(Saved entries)
━━━━━━━━━━

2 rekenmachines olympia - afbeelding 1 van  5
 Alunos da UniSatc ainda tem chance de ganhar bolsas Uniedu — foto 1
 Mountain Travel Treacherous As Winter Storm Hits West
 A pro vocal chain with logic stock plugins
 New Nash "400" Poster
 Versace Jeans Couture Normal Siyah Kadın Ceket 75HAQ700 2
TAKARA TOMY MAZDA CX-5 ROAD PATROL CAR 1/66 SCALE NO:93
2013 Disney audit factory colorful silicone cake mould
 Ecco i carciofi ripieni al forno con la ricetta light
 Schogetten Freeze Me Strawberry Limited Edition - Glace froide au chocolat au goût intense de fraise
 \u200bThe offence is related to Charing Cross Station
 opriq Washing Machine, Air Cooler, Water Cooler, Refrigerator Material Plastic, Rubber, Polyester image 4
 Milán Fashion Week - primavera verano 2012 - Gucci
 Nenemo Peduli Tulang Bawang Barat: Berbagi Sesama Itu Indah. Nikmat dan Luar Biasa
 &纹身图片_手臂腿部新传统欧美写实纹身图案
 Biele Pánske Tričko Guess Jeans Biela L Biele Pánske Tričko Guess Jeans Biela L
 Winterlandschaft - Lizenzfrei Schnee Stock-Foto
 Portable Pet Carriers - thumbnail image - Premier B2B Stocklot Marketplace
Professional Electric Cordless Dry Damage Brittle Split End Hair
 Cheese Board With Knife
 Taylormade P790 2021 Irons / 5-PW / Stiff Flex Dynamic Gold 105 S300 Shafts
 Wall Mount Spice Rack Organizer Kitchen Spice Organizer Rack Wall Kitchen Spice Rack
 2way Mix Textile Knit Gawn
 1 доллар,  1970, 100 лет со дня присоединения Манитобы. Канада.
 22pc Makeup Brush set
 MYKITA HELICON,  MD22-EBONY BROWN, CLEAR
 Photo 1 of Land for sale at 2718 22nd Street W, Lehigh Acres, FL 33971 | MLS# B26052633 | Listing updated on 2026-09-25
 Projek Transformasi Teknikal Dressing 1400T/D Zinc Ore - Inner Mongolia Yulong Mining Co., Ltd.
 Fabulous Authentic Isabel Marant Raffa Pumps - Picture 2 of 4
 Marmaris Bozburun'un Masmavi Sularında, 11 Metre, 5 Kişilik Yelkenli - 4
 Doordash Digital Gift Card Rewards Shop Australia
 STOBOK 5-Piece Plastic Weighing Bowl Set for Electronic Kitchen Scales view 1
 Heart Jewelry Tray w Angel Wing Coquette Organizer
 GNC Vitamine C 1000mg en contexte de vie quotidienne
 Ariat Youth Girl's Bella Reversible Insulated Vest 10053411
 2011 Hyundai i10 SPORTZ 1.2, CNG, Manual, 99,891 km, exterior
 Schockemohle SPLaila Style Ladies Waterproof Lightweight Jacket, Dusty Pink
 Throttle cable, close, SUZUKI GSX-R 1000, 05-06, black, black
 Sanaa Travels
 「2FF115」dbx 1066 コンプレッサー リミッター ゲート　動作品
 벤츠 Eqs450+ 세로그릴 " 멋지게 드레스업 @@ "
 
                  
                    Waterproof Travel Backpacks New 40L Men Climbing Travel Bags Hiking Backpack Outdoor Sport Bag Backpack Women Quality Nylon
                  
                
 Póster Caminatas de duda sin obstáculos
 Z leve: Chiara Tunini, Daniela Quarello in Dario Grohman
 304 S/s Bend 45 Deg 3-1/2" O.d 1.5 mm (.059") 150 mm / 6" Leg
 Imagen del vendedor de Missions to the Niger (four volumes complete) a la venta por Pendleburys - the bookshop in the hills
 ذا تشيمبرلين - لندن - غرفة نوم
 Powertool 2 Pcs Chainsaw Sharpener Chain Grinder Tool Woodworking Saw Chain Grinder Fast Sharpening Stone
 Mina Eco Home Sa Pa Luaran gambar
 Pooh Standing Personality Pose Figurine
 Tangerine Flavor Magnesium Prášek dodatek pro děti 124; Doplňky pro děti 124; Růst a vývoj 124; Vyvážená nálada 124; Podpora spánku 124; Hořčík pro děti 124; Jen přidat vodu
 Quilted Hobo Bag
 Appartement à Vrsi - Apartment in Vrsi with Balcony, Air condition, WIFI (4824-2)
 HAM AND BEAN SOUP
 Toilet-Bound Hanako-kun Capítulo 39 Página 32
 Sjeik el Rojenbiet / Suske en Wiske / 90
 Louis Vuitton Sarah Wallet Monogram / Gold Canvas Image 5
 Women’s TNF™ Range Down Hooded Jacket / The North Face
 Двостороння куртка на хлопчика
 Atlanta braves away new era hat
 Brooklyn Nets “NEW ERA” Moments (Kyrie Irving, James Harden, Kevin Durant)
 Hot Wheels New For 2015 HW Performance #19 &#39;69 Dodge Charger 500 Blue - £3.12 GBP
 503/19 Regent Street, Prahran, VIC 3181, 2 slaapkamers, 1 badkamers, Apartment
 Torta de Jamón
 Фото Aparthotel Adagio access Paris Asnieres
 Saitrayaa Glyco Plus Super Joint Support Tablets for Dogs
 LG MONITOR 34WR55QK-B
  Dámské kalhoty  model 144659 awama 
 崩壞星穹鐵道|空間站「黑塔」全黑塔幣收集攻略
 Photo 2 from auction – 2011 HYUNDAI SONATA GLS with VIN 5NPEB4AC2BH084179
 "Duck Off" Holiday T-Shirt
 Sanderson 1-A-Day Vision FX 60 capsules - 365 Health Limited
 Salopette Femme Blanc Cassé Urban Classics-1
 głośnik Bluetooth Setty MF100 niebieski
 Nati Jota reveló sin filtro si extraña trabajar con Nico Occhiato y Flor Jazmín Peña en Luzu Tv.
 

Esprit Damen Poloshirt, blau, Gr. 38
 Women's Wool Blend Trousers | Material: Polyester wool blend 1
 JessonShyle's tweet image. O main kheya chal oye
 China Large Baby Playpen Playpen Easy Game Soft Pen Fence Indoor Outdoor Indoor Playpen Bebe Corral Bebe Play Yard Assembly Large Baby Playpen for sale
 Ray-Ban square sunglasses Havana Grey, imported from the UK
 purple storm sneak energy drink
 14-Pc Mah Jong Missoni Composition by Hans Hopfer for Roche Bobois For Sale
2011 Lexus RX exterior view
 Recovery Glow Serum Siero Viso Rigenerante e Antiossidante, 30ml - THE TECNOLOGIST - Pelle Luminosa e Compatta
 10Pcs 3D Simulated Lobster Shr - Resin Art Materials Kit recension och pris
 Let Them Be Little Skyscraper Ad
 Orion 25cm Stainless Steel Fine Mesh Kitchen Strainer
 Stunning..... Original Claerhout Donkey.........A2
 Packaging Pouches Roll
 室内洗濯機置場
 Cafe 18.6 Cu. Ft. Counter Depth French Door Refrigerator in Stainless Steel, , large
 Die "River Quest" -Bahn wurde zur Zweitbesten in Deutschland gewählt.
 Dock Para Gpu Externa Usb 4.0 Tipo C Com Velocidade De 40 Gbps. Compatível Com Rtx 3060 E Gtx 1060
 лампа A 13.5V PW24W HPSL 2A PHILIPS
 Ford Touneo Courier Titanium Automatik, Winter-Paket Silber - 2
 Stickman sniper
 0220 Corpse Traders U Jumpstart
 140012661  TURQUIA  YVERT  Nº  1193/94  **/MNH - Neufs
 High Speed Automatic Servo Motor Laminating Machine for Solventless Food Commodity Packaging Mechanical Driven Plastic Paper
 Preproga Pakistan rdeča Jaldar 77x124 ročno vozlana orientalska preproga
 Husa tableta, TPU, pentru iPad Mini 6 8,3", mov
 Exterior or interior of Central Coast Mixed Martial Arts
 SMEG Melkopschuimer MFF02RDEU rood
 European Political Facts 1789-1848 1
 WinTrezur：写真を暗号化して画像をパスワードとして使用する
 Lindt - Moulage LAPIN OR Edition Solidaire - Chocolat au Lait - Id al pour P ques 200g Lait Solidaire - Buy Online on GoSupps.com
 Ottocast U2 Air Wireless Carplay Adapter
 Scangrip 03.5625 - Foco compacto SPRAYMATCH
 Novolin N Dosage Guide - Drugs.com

━━━━━━━━━━

* Task to carry out *
All that is wanted is a faithful reproduction of the line above with "Stickman sniper", the line with "Exterior or interior", and every line in between.

* Response *
 Stickman sniper
 0220 Corpse Traders U Jumpstart
 140012661  TURQUIA  YVERT  Nº  1193/94  **/MNH - Neufs
 High Speed Automatic Servo Motor Laminating Machine for Solventless Food Commodity Packaging Mechanical Driven Plastic Paper
 Preproga Pakistan rdeča Jaldar 77x124 ročno vozlana orientalska preproga
 Husa tableta, TPU, pentru iPad Mini 6 8,3", mov
 Exterior or interior of Central Coast Mixed Martial Arts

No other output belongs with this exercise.